Alba recordó con dolor aquellos tiempos en los que ella había confiado en su ex ciegamente. Le había querido tanto, le había elegido por encima de todo y de todos hasta convertirse en su defensora acérrima, con sus amigos, con su familia, hasta en su trabajo le escribía algunos correos electrónicos cuando le surgía un conflicto porque él decía que no sabía expresarse ni defenderse.
Poco a poco, ella se había ido quedando tan sola como él y lo había aceptado, porque él siempre tenía razón, porque la había convencido de que como él no la iba a querer nadie, ¡quién la iba a querer siendo como era, sobre todo con su enfermedad crónica! Menos mal que a él eso no le importaba, aunque se lo recordase constantemente, para que ella no olvidase nunca el gran favor que le hacía.
La enfermedad de Alba no interfería en su vida desde que era muy pequeña, se había estancado en un estadio que le permitía hacer vida normal y a veces incluso a ella se le olvidaba. Entonces, ahí estaba su ex para recordarle que no era como los demás y convencerla de que si él le decía todo lo que hacía mal y le apuntaba todo lo que había malo en ella, era para que intentase mejorar, era por su bien. Decía que lo hacía todo por amor y ella también se convenció de que lo tenía que aguantar todo… por amor.
Y como a su alrededor los demás solo veían la piel del kiwi y no sabían que por dentro su vida era de un color muy diferente, cuando le decían la suerte que tenía de tener a su lado a un hombre tan guapo y tan buena persona, ella se lo creía y sonreía.

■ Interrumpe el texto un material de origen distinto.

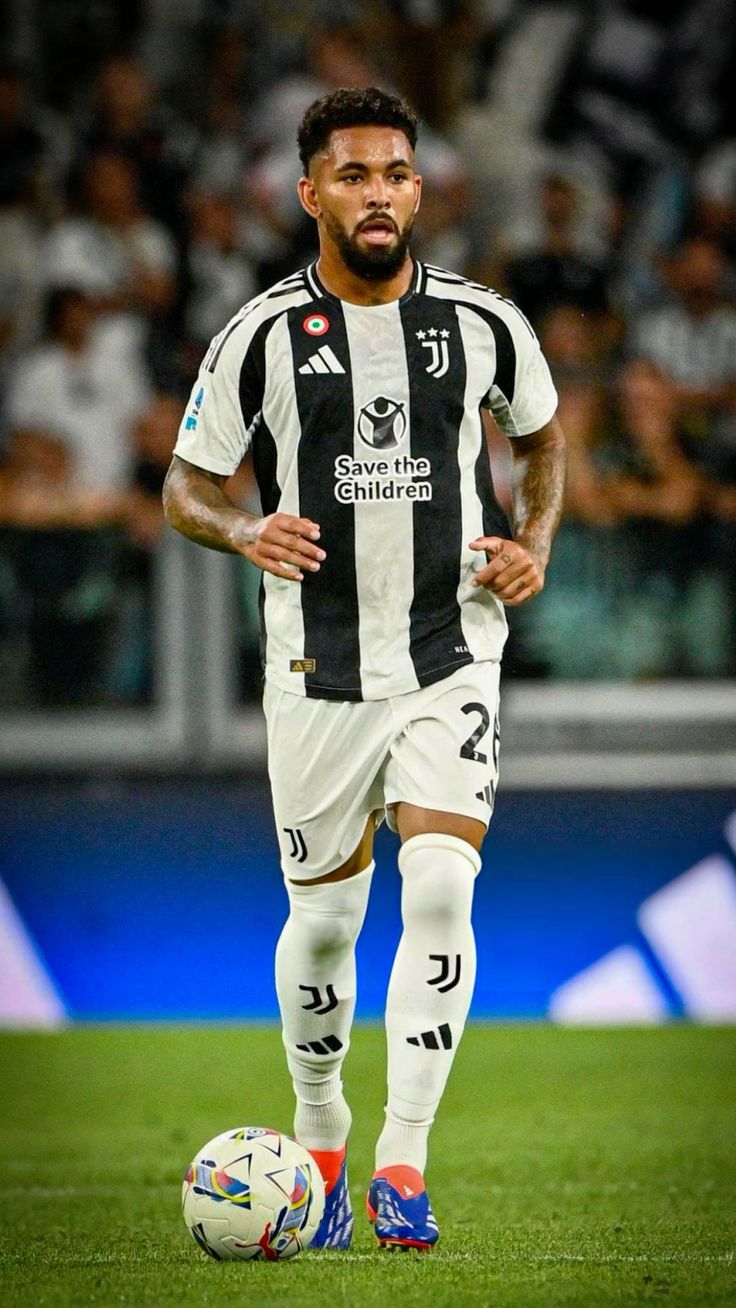736x1308 Douglas Luiz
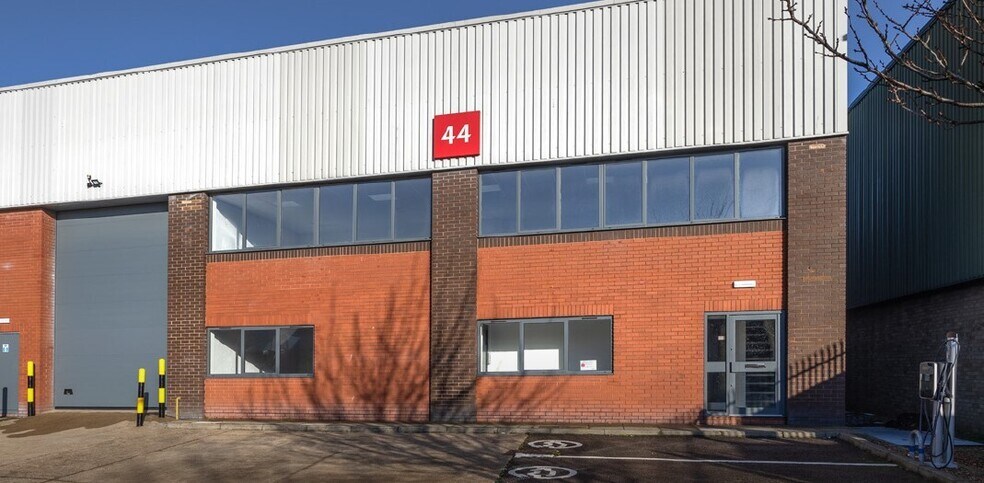419-420 Bridport Rd, Greenford à louer - Photo de l’immeuble – Image 2 sur 61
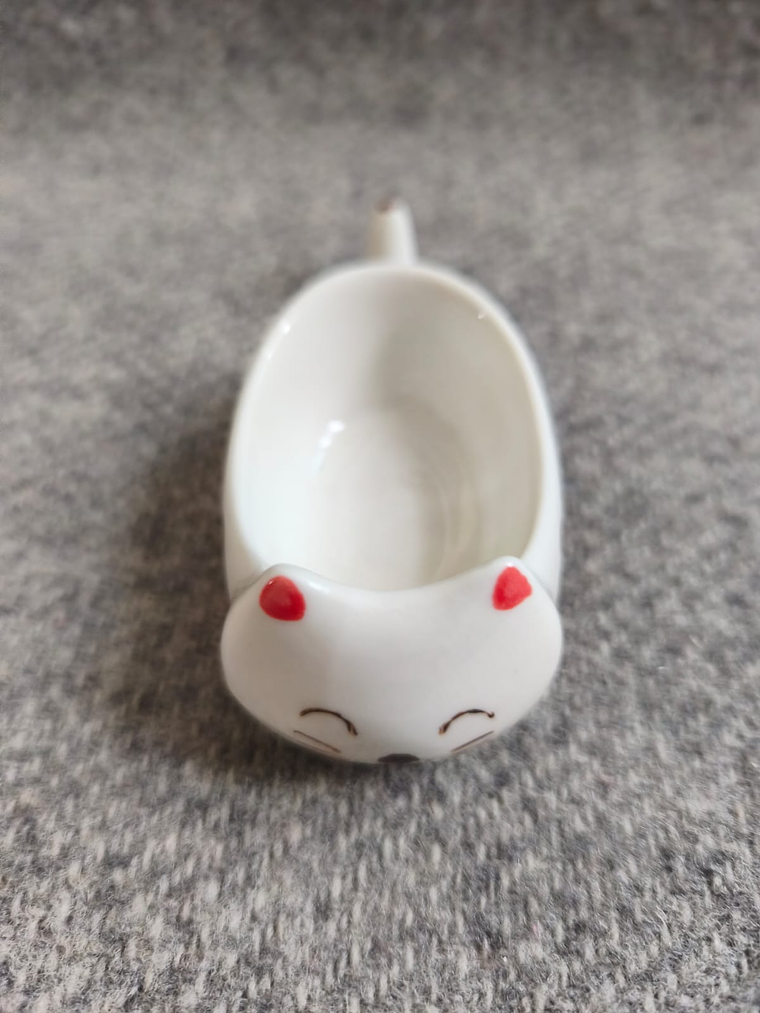 Plato pequeño de cerámica con forma de gato 3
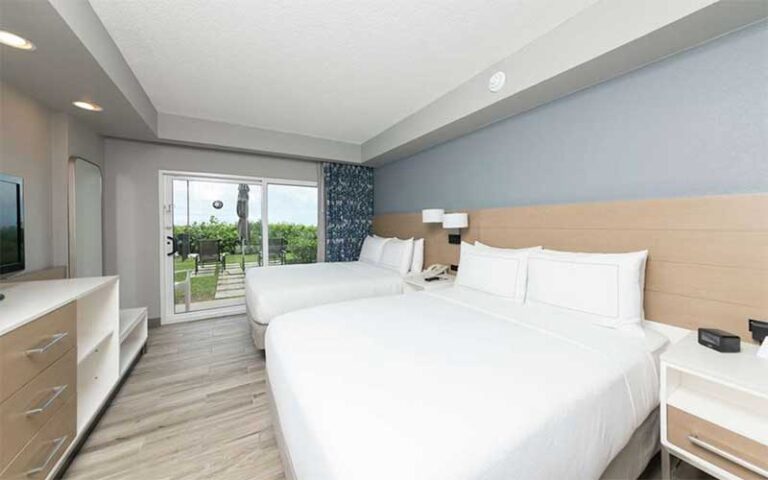 double king bed suite at doubletree suites melbourne beach oceanfront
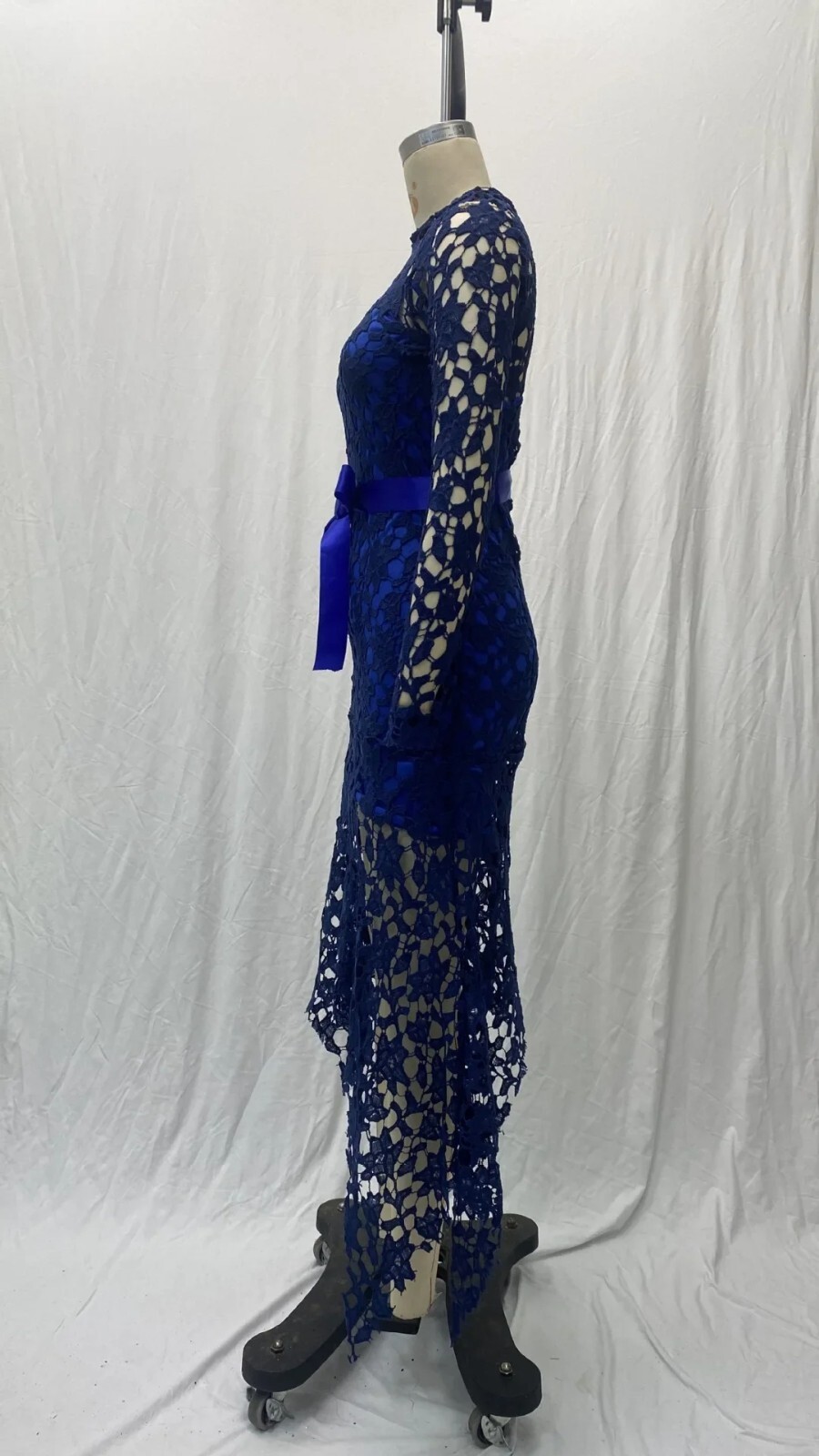 Plus Size Long Sleve Dress Stunning Stand Collar Lace Up Dress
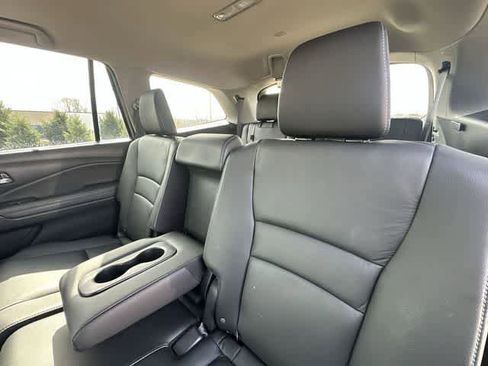Used 2022 Honda Pilot Special Edition image 17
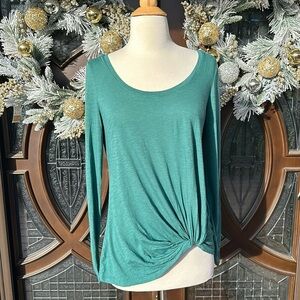 BP. Nordstrom knotted Tee Shirt 👚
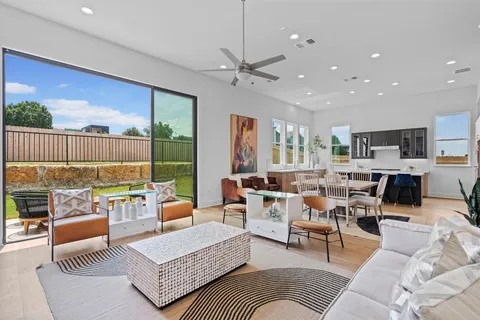 $649,900 | 5505 Toscana Avenue, Austin, TX 78724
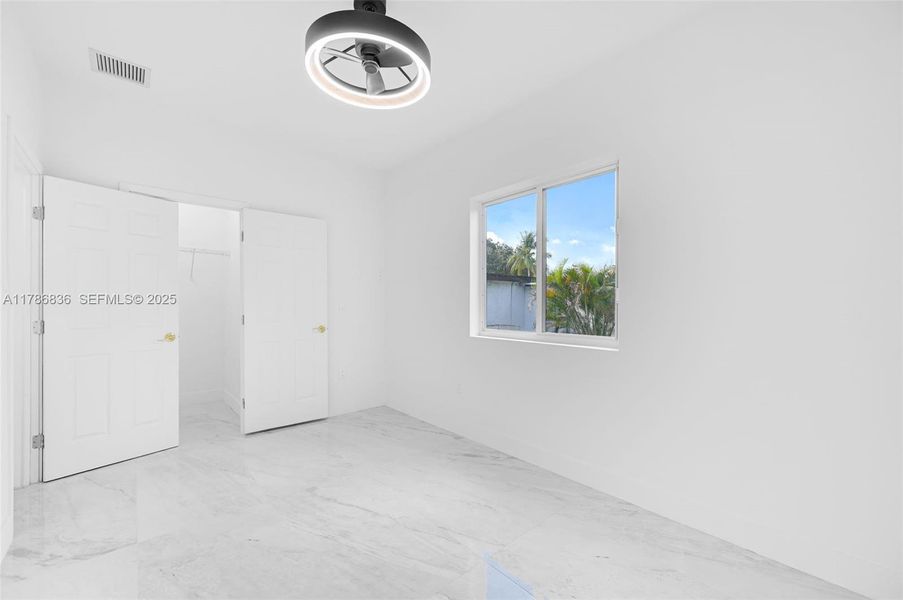 Spacious, unfurnished interior of a new home in , Hollywood (Image 18).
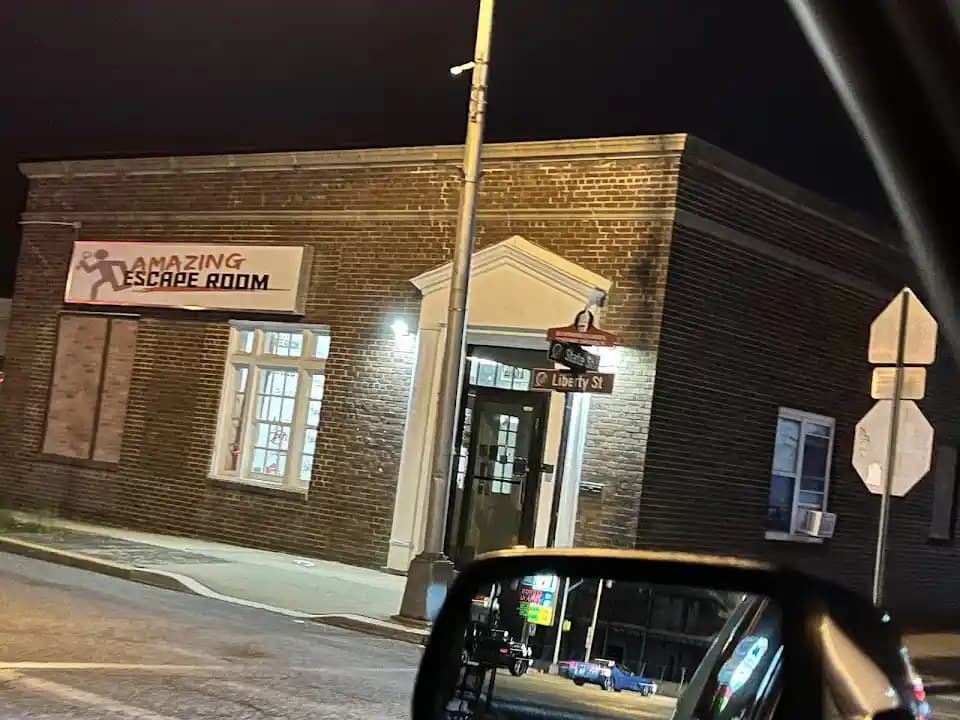 escape rooms experience at Amazing Escape Room Bloomfield located in New York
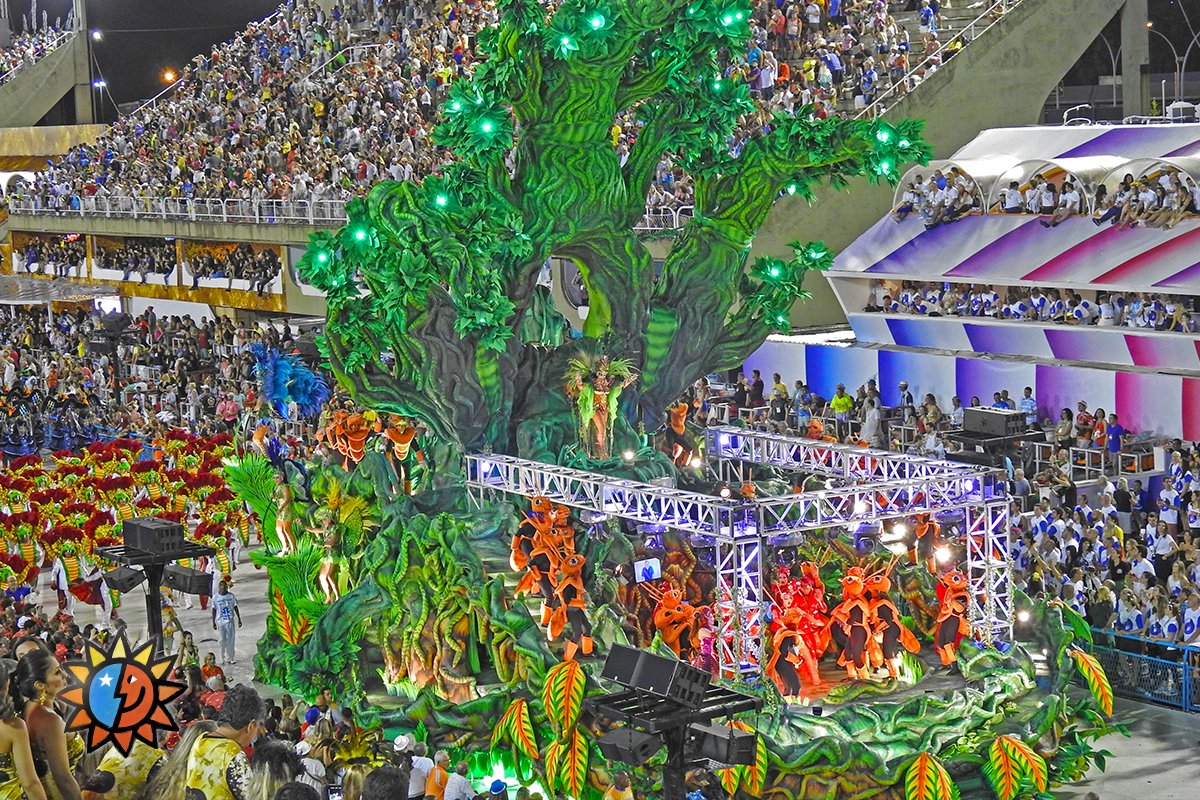 Majestic Float takes over the Samba Runway at Av. Marques de Sapucai. It portrays an enchanted forest, with a gigantic tree and several people dressed in costumes. 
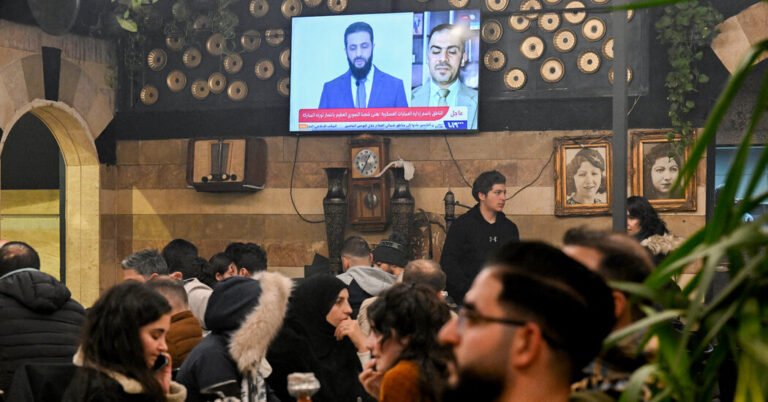 Líder rebelde que derrubou o Al-Assad é declarado presidente da Síria

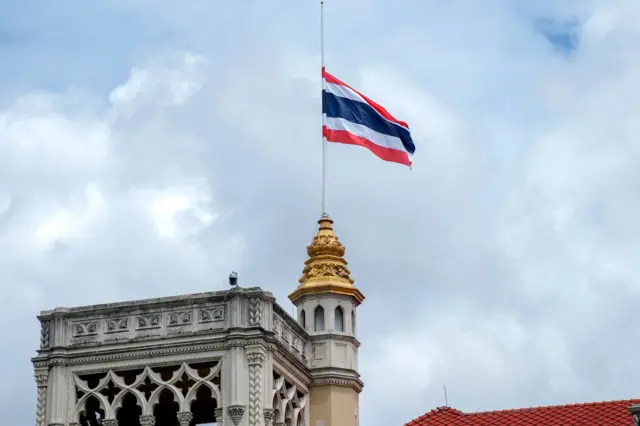 ทำเนียบรัฐบาลลดธงครึ่งเสาบนตึกไทยคู่ฟ้า 12 มิ.ย.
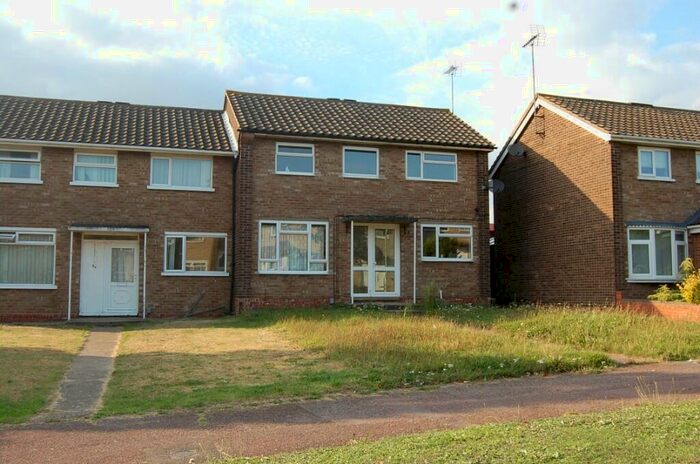 3 Bedroom Semi-Detached House To Rent In Dahlia Walk, Colchester, Essex, CO4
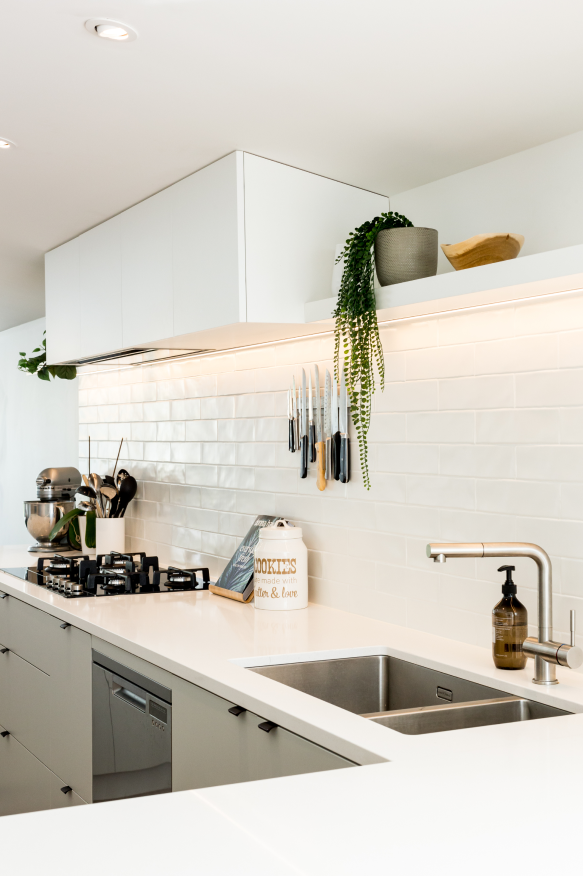 Scandi-Sunny-Brae-Crescent-_Archant-Handles-2b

Él nunca discutía con nadie y no era capaz de enfrentarse a nadie, le hiciesen lo que le hiciesen, se bloqueaba y no reaccionaba, pero después lo pagaba con ella. Se desahogaba en casa de todo lo que pasaba fuera y salía a la calle, muy tranquilo, a seguir siendo «el Suave», que era como le llamaban los demás en la tropa. Suave porque no levantaba la voz, porque rehuía todos los enfrentamientos, porque bajaba la cabeza cuando le pisaban y ni rechistaba.
Sin embargo, él solo era suave por fuera, su interior era áspero y lo sacaba a la luz con ella.
Eso era y había sido siempre lo normal entre ellos hasta que Alba se fue a más de mil kilómetros y poco a poco fue entendiendo que nada de lo que había vivido con él era «lo normal».
Recordó que la psicóloga le había hecho escribir todo lo que sentía en un cuaderno y que hacerlo le había ayudado bastante a desahogarse y ordenar su vida.
Se sentó en el sofá, reinició la música y uso la misma canción que le había hecho estallar como inspiración para escribir. Cogió algo de papel y empezó a soltar todo lo que le quería decir a la mujer de la foto.